A series of processes for providing an editing service for voice recognition results to a user who uses a portable device using the apparatus for editing voice recognition results in accordance with the present invention are described in detail below.
FIGS. 2 a and 2 b are a flowchart illustrating major processes of editing voice recognition results in a portable device in accordance with an embodiment of the present invention.
Referring to FIGS. 2 a and 2 b, the text generation block 102 recognizes voice received through the microphone of the portable device, converts the voice into text (i.e., voice recognition results), and sends the converted voice recognition results to the display execution block 104. Accordingly, the touch panel (or touch screen) displays the text (i.e., voice recognition results at step 202.
Next, the input analysis block 106 recognizes a touch interaction according to a tag by which a touch manipulation will be performed by the user at step 204 and analyzes the intent of execution of the recognized touch interaction at step 206. The intent of execution obtained as a result of the analysis can be any one of, for example, the merger of syllables, the separation of syllables, the addition of new words, the removal of a designated syllable, a change in the position of syllables, and the substitution or modification of syllable contents for the voice recognition results.
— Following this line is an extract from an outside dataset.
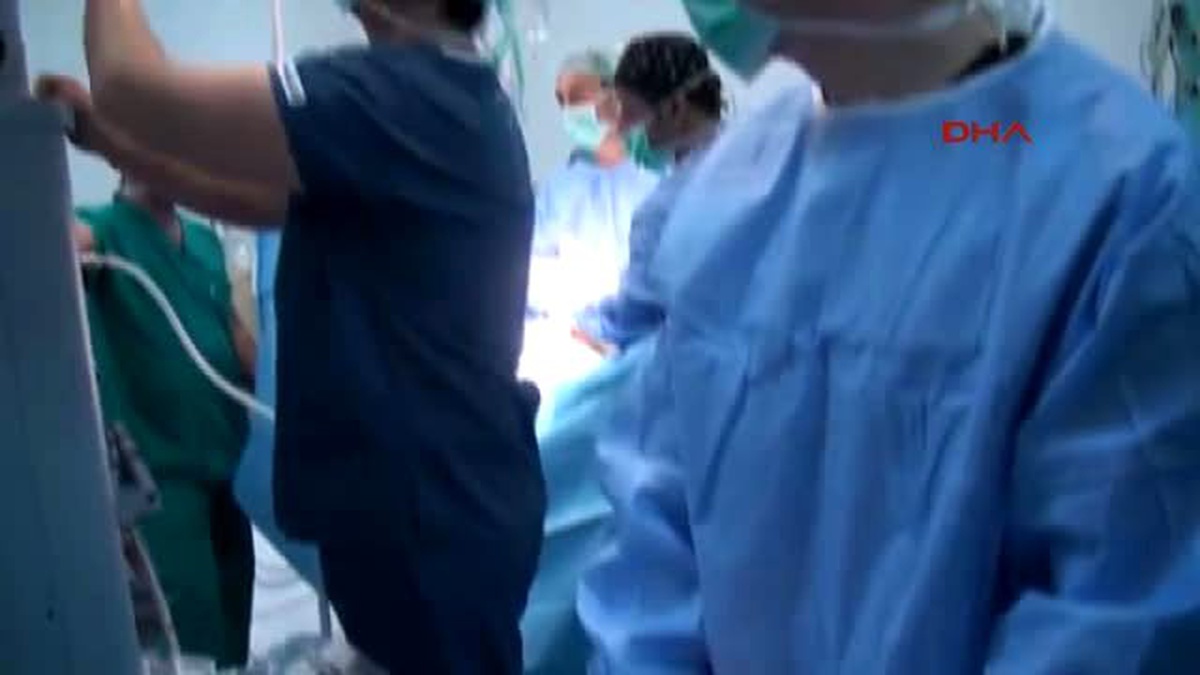 Şanlıurfa?da Robotik Cerrahi Sistemle Ameliyat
At step 208, the input analysis block 106 checks whether or not the received touch interaction corresponds to a touch for a syllable merger. If, as a result of the check, it is confirmed that the received touch interaction corresponds to a touch for a syllable merger, for example, if the received touch interaction is a syllable merger interaction in which one of two syllables to be merged is touched by one finger, the other of the two syllables is touched by the other finger on the left or right, and one touch is dragged (i.e., a one-way drag) to the other touch or the two touches are simultaneously dragged (i.e., a dual drag) so that the two touches converge into one place, the syllable merger processor 1081 performs control for merging the two syllables in response to corresponding touch interaction signals from the input analysis block 106. Accordingly, the display execution block 104 merges the two syllables touched by the two fingers and displays the merged syllable at step 210.
Here, the display execution block 104 can display visually recognizable information for making the user aware of the execution of the merger and display in the two syllables being edited or regions peripheral thereto. The visually recognizable information can be at least one of, for example, a change of color, the display of a sign, and the display of a symbol for the two syllables or the regions peripheral thereto. The user can complete the syllable merger task by releasing the touches of both fingers from the screen.
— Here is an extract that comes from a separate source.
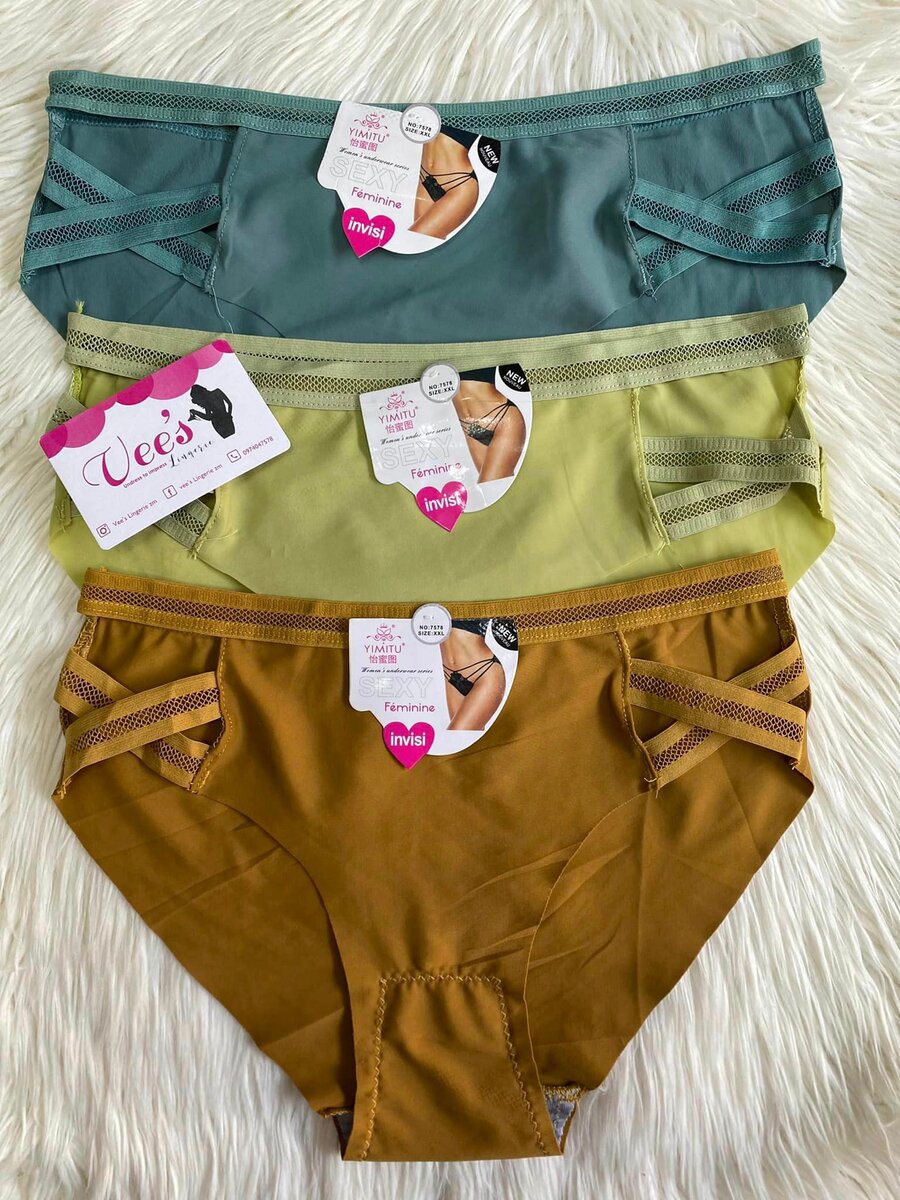 Strings et culottes pour femmes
FIGS. 3 a and 3 b are exemplary diagrams of a syllable merger screen for illustrating the process of merging syllables in accordance with the present invention. The exemplary diagrams show that target syllables having an error in spacing words are merged through the syllable merger interaction in response to touches by two fingers in accordance with the present invention.
At step 212, the input analysis block 106 checks whether or not the received touch interaction is a touch for the separation of syllables. If, as a result of the check, it is confirmed that the received touch interaction corresponds to a touch for the separation of syllables, for example, if the received touch interaction is a syllable separation interaction in which a target syllable to be separated is touched by one finger, the direction (e.g., left or right) in which the target syllable will be moved is touched by the other finger, and the two fingers are dragged in the corresponding direction, the syllable separation processor 1082 performs control for separating the target syllable in response to corresponding touch interaction signals from the input analysis block 106. Accordingly, the display execution block 104 separates the target syllable touched by the finger and displays the separated syllable at step 214.
Here, the display execution block 104 can display visually recognizable information for making the user aware of the execution of the separation and display in the target syllable being edited or a region peripheral thereto. The visually recognizable information can be at least one of, for example, a change of color, the display of a sign, and the display of a symbol for the target syllable or the region peripheral thereto. The user can complete the syllable merger task by releasing the touches of both fingers from the screen.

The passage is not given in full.